• [Supplied material]:
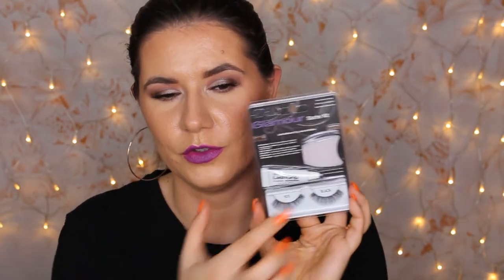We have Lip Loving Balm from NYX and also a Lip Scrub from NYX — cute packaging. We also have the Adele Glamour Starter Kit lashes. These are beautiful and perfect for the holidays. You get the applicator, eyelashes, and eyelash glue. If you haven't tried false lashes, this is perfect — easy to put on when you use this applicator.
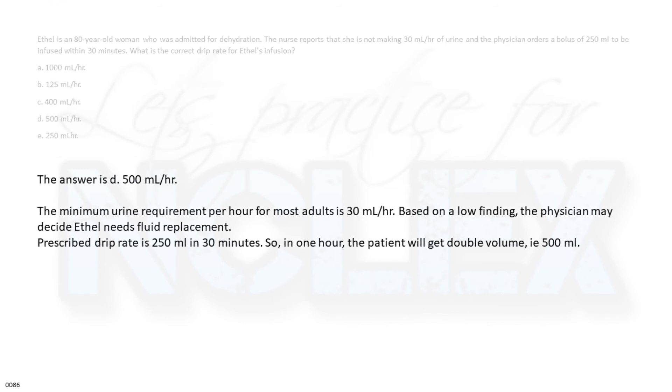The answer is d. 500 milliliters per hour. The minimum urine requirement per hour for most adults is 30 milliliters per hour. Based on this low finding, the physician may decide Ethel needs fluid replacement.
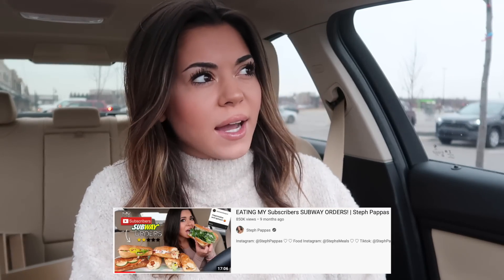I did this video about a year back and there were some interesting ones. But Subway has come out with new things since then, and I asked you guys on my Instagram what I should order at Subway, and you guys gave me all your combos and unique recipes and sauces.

• [Exercise instructions]:
Every line of the material must be reproduced verbatim; the pictures are to be omitted.

• [The completed task]:
We have Lip Loving Balm from NYX and also a Lip Scrub from NYX — cute packaging. We also have the Adele Glamour Starter Kit lashes. These are beautiful and perfect for the holidays. You get the applicator, eyelashes, and eyelash glue. If you haven't tried false lashes, this is perfect — easy to put on when you use this applicator.
The answer is d. 500 milliliters per hour. The minimum urine requirement per hour for most adults is 30 milliliters per hour. Based on this low finding, the physician may decide Ethel needs fluid replacement.
I did this video about a year back and there were some interesting ones. But Subway has come out with new things since then, and I asked you guys on my Instagram what I should order at Subway, and you guys gave me all your combos and unique recipes and sauces.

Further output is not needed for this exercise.